Activation of glucocorticoid receptors increases 5-HT2A receptor levels.

Major depression is associated with both dysregulation of the hypothalamic pituitary adrenal axis and serotonergic deficiency, not the least of the 5-HT2A receptor. However, how these phenomena are linked to each other, and whether a low 5-HT2A receptor level is a state or a trait marker of depression is unknown. In mice with altered glucocorticoid receptor (GR) expression we investigated 5-HT2A receptor levels by Western blot and 3H-MDL100907 receptor binding. Serotonin fibre density was analyzed by stereological quantification of serotonin transporter immunopositive fibers.

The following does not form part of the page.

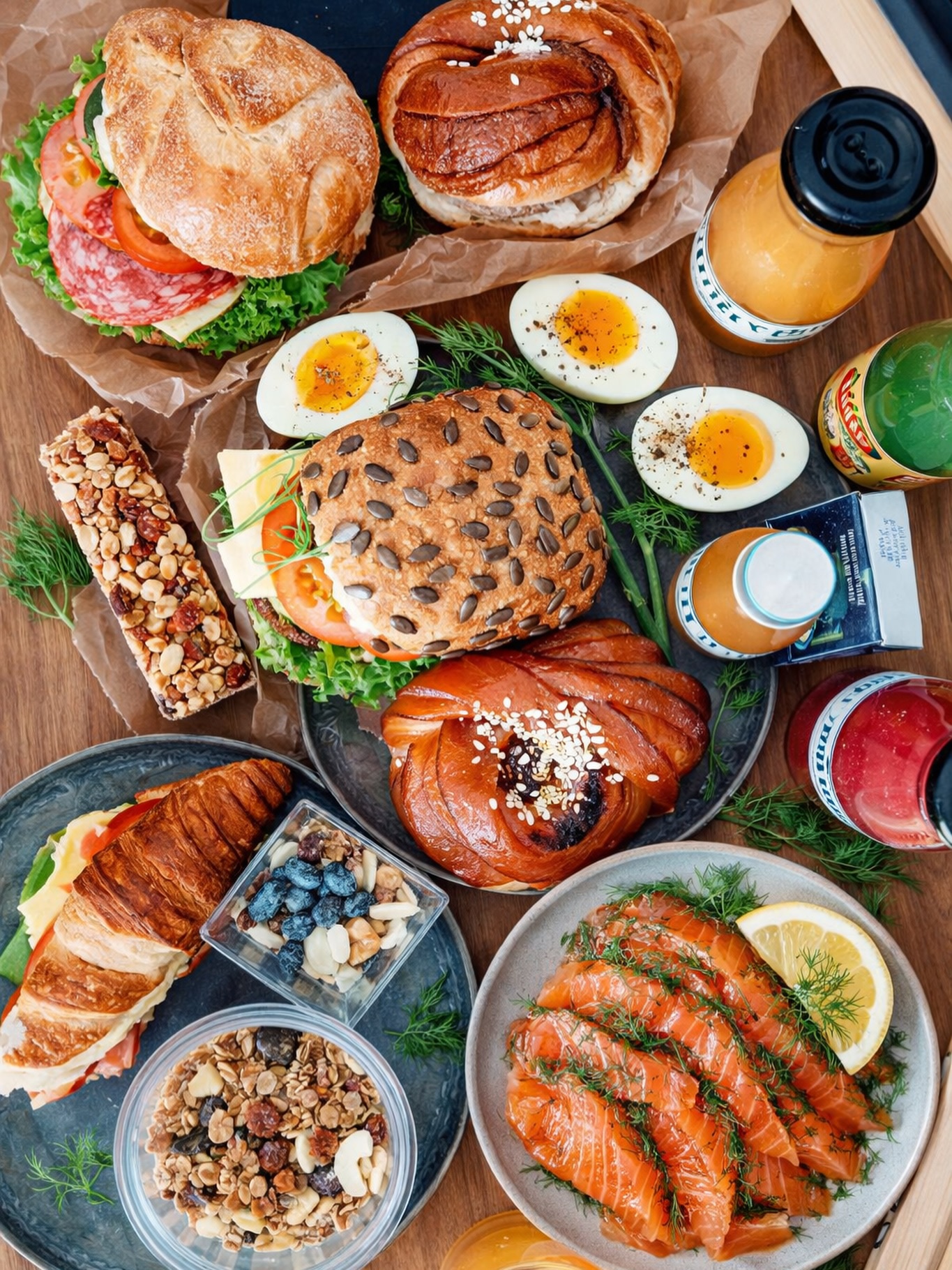 Lax, ägg, nybakat, bowls och färg på tallriken – enkelt att beställa, fint att servera.
Vi fixar påskkänslan på jobbet 💛
#företagsfrukost #påskpåjobbet #morrisbens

To establish an effect of GR activation on 5-HT2A levels, mature organotypic hippocampal cultures were exposed to corticosterone with or without GR antagonist mifepristone and mineralocorticoid receptor (MR) antagonist spironolactone. In GR under-expressing mice, hippocampal 5-HT2A receptor protein levels were decreased (26.3 +/- 1.6%, p < 0.05) and frontal 5-HT2A receptor binding was decreased (20 +/- 15%, p < 0.01) as compared to wild-type mice. Conversely, in over-expressing GR mice hippocampal 5-HT2A receptor protein levels were increased (60.8 +/- 4.0%, p = 0.0001) and 5-HT2A receptor binding was increased in dorsal hippocampus (77 +/- 35%, p < 0.05) as compared to wild-type mice. No difference in serotonin fibre density was observed in the GR over-expressing mice, while the GR under-expressing mice showed lower serotonergic innervation in the frontal cortex area. An effect of GR activation on 5-HT2A receptor levels was further corroborated by the culture studies as long-term exposure of 3 microM corticosterone to organotypic hippocampal cultures increased 5-HT2A receptor levels (p < 0.05). The corticosterone-induced 5-HT2A receptor up-regulation was blocked by addition of either spironolactone or mifepristone.